How the Supreme Court’s ruling on the Voting Rights Act is straining American democracy

The Supreme Court’s recent gutting of the Voting Rights Act is adding fuel to a redistricting war in Congress.

Willie Simon stood outside the Memphis motel where Rev. Martin Luther King, Jr. was assassinated in 1968, now a museum dedicated to the Civil Rights Movement.
Days after the U.S. Supreme Court gutted a key provision of the Voting Rights Act, Simon feared what the decision would mean not just for Black Americans like himself but an entire country where the political guardrails seem to be coming apart.
Simon, who leads the Shelby County Democratic Party in Tennessee, said the court’s conservative majority set a precedent that if you’re “not in the in-crowd group, they can just erase us.”

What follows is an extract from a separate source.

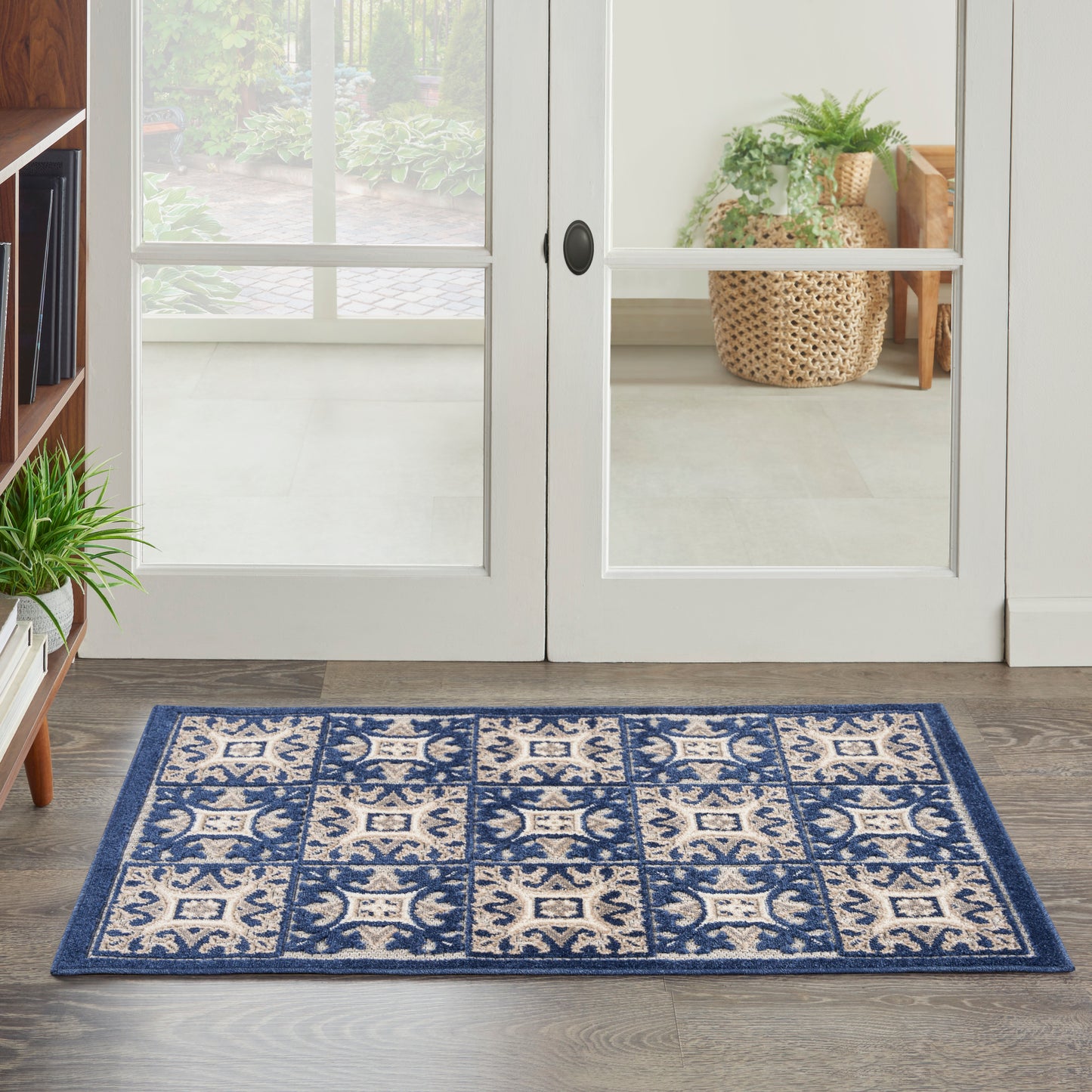 Rectangular blue and ivory patterned area rug on dark wood floor by glass double doors; indoor entry with plants.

By weakening a requirement that states draw congressional districts in a way that gives minorities an opportunity to control their own fate, the court escalated the nationwide redistricting war that has seen Democrats and Republicans casting aside decades of tradition in hopes of gaining an edge over the competition. New sessions are scheduled to begin this week in two Republican-controlled states to eliminate U.S. House districts represented by Democrats, and there’s more on the horizon.
It’s the latest example of how the American democratic experiment has been pushed to the breaking point in the decade since Donald Trump rose to power. Extreme rhetoric has become commonplace. There’s been a spike in political violence and a rash of assassinations. Five years after the Jan. 6 attack on the U.S. Capitol, Trump’s allies are trying to harness the same falsehoods about voter fraud to reshape elections.

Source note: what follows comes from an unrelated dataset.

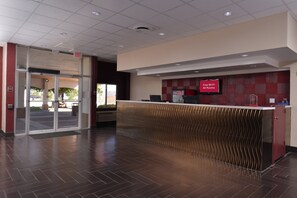 A reception area with a modern design, featuring a check-in counter and an exit sign. - Red Roof Inn Van Horn (Van Horn)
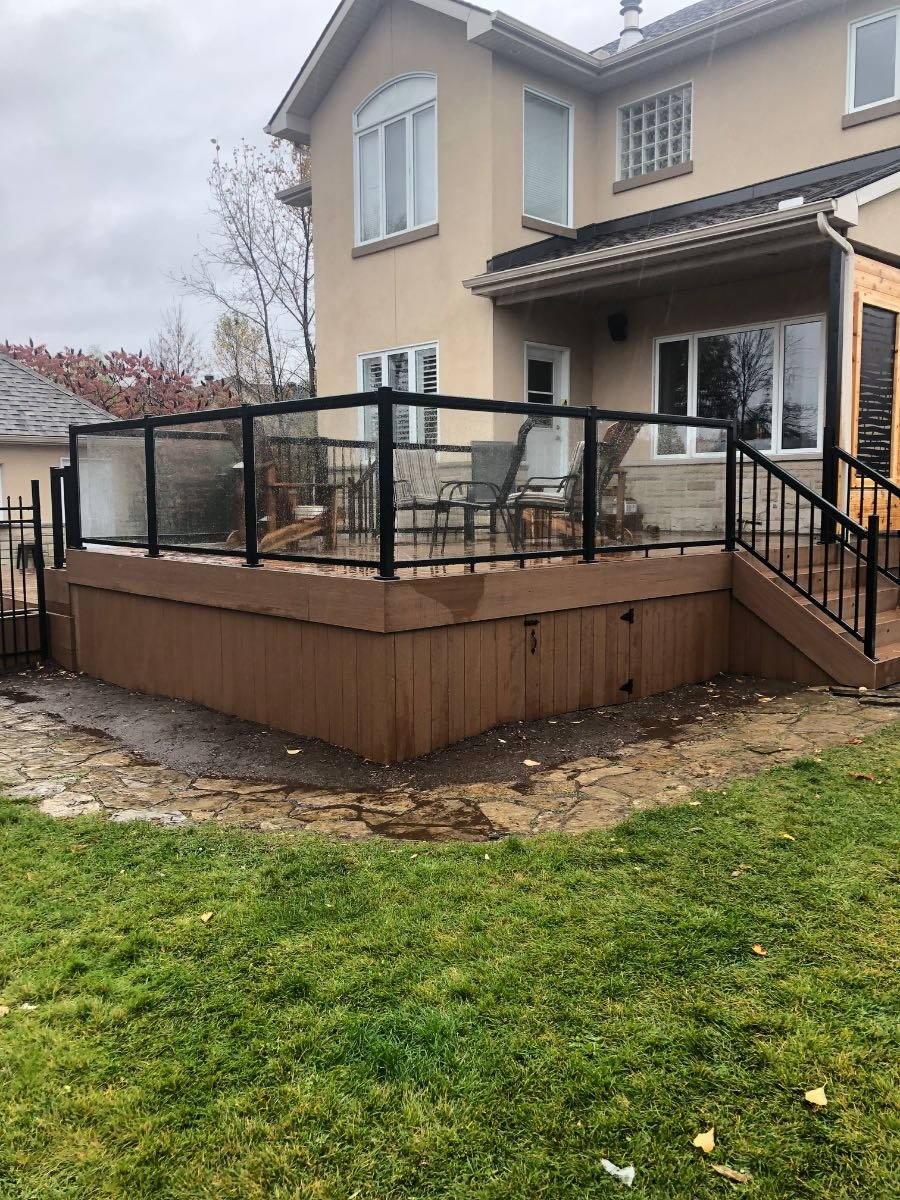 Raised deck with a black-framed glass railing behind a stucco home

The rules and norms that once helped smooth over an unruly country’s vast differences have given way to a race for power at all costs.
“I’ve never subscribed to the idea we’re in a civil war, but the gerrymandering wars and the recent decision from the Supreme Court do not make the United States more united,” said Matt Dallek, a political scientist at George Washington University. “It speeds up the hyperpartisan force and atmosphere that people feel on both sides.”